**The problem**: For each entry, output its words exactly and leave any picture behind.

Short text fragments from websites:
▼

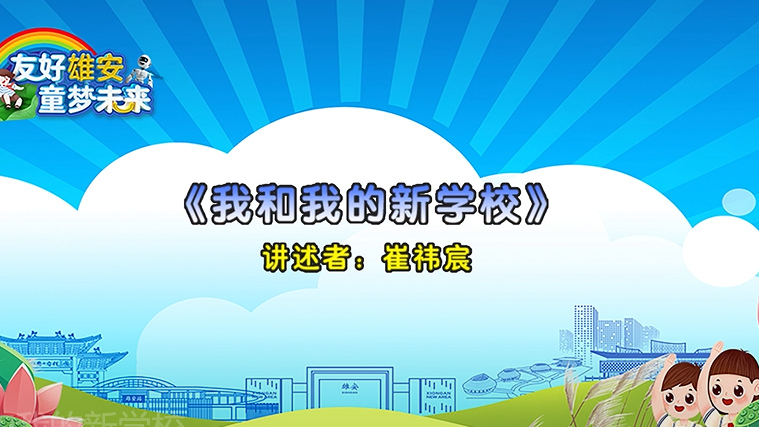 故事赏析丨我和我的新学校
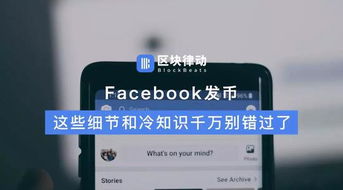 Facebook发币,这些细节和冷知识千万别错过了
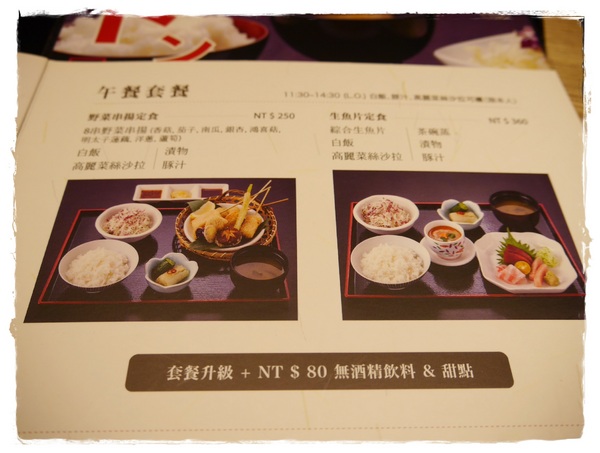 豚膳黑豚料理專門店:【東區】豚膳黑豚料理專門店-生薑燒豬排定食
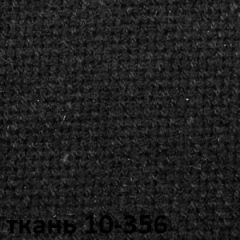 Кресло для руководителя  CHAIRMAN 685 СТ (ткань стандарт 10-356 черная) в Качканаре - kachkanar.mebel24.online | фото 4
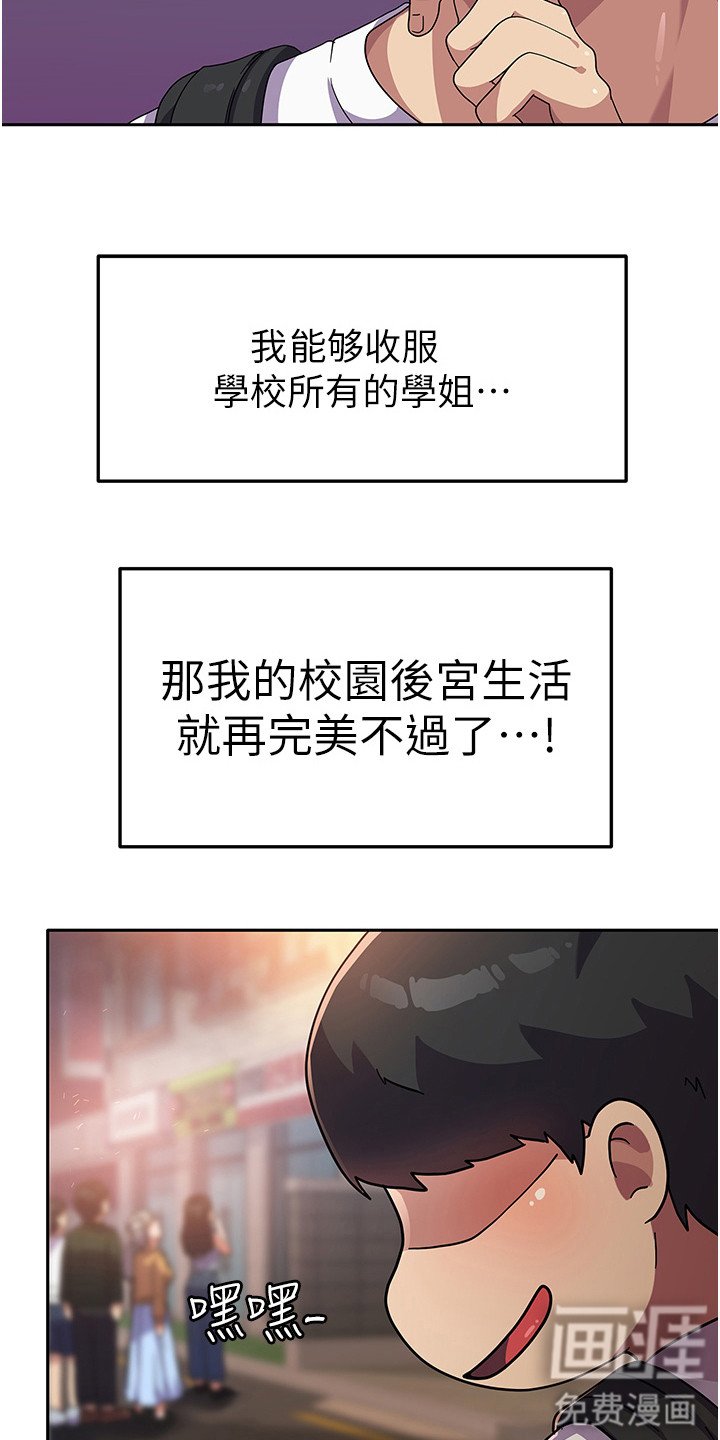 第8章：失火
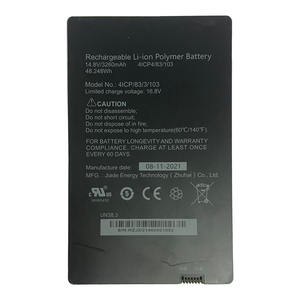 Sistema DR con dimensione cassetta 14x17 Wireless a schermo piatto con Software umano o veterinario - Product Image 4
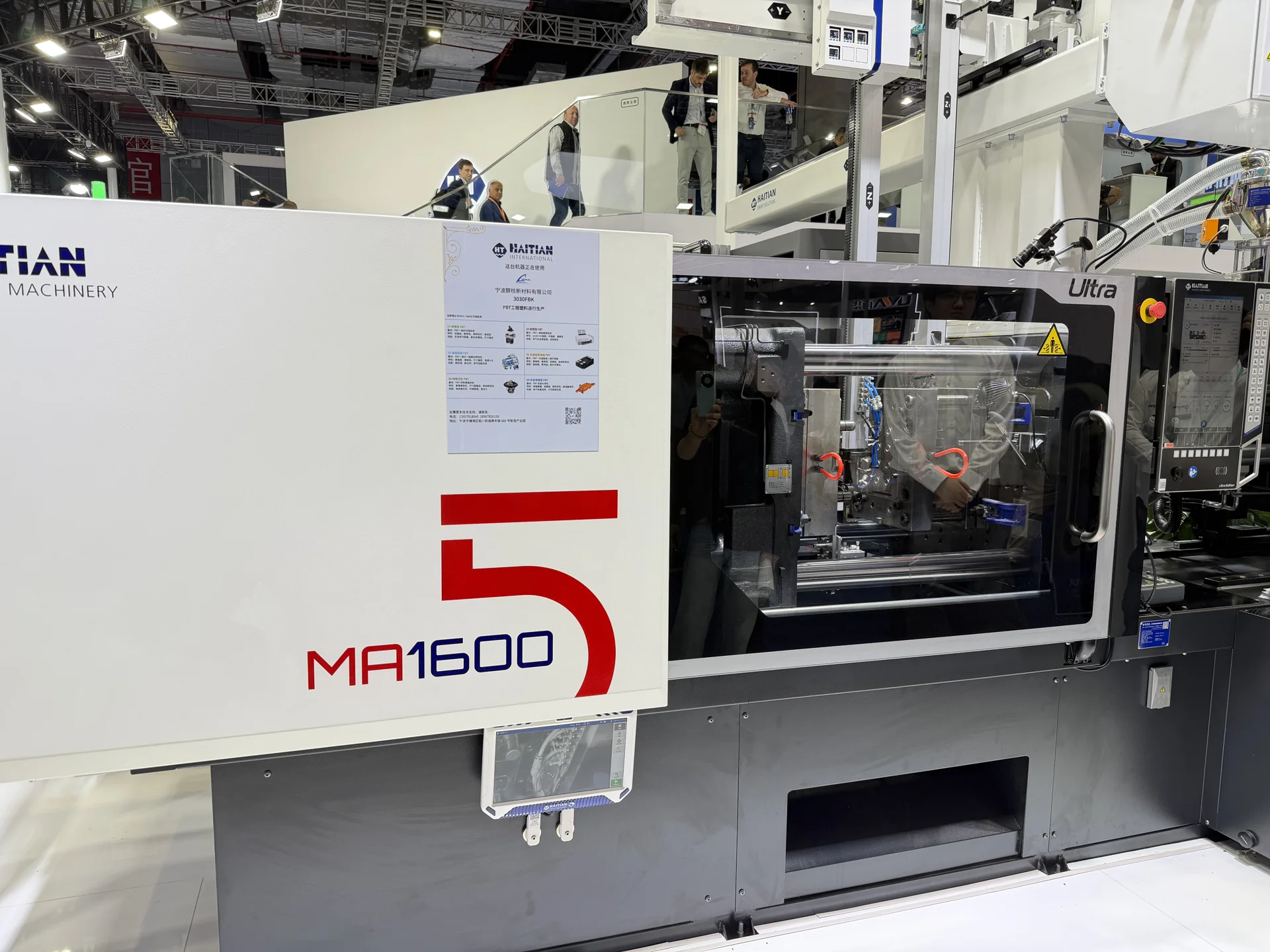 Руководство по покупке подержанной литьевой машины Haitian MA1200 120T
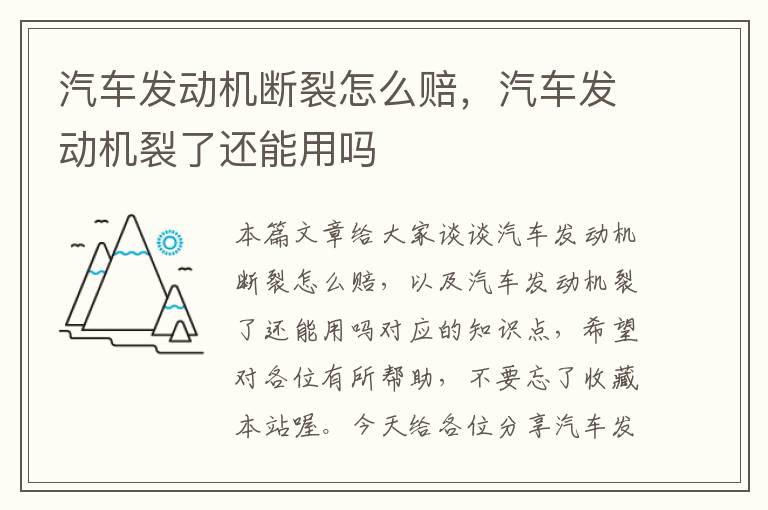 汽车发动机断裂怎么赔，汽车发动机裂了还能用吗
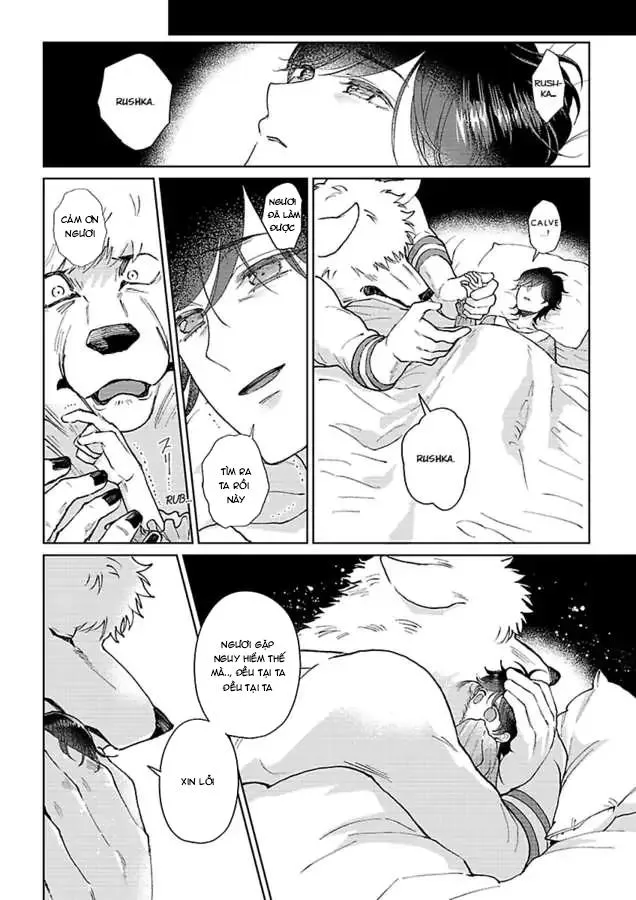 Vòng cổ của hoàng tử Chapter 5 Trang 12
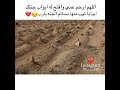 اللهم ارحم عمي وافتح له ابواب جنتك ابوابا تهب منها نسائم الجنه يارب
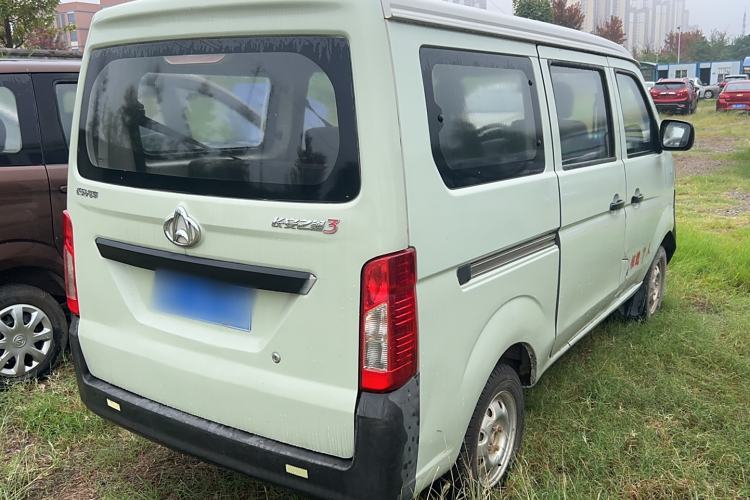 Used Chana Star 3 2015 1.0L Value Edition Non-Air-Conditioned C10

▲

**Your solution**:
 故事赏析丨我和我的新学校
 Facebook发币,这些细节和冷知识千万别错过了
 豚膳黑豚料理專門店:【東區】豚膳黑豚料理專門店-生薑燒豬排定食
 Кресло для руководителя  CHAIRMAN 685 СТ (ткань стандарт 10-356 черная) в Качканаре - kachkanar.mebel24.online | фото 4
 第8章：失火
 Sistema DR con dimensione cassetta 14x17 Wireless a schermo piatto con Software umano o veterinario - Product Image 4
 Руководство по покупке подержанной литьевой машины Haitian MA1200 120T
 汽车发动机断裂怎么赔，汽车发动机裂了还能用吗
 Vòng cổ của hoàng tử Chapter 5 Trang 12
 اللهم ارحم عمي وافتح له ابواب جنتك ابوابا تهب منها نسائم الجنه يارب
 Used Chana Star 3 2015 1.0L Value Edition Non-Air-Conditioned C10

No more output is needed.